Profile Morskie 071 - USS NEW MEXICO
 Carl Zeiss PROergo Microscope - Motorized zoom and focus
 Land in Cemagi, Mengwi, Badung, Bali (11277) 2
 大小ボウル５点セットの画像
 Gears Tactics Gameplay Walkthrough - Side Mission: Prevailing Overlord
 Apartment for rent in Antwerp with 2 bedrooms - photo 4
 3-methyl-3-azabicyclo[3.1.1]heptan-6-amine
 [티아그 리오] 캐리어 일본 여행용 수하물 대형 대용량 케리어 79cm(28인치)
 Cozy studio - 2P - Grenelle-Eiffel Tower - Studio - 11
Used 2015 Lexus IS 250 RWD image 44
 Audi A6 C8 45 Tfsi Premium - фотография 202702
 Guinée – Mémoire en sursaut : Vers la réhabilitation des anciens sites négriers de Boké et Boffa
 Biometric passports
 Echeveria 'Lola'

Task statement:
Could you set down exactly the lines from the one containing "Carl Zeiss PROergo" through the last line of the records above, both included?

Task response:
 Carl Zeiss PROergo Microscope - Motorized zoom and focus
 Land in Cemagi, Mengwi, Badung, Bali (11277) 2
 大小ボウル５点セットの画像
 Gears Tactics Gameplay Walkthrough - Side Mission: Prevailing Overlord
 Apartment for rent in Antwerp with 2 bedrooms - photo 4
 3-methyl-3-azabicyclo[3.1.1]heptan-6-amine
 [티아그 리오] 캐리어 일본 여행용 수하물 대형 대용량 케리어 79cm(28인치)
 Cozy studio - 2P - Grenelle-Eiffel Tower - Studio - 11
Used 2015 Lexus IS 250 RWD image 44
 Audi A6 C8 45 Tfsi Premium - фотография 202702
 Guinée – Mémoire en sursaut : Vers la réhabilitation des anciens sites négriers de Boké et Boffa
 Biometric passports
 Echeveria 'Lola'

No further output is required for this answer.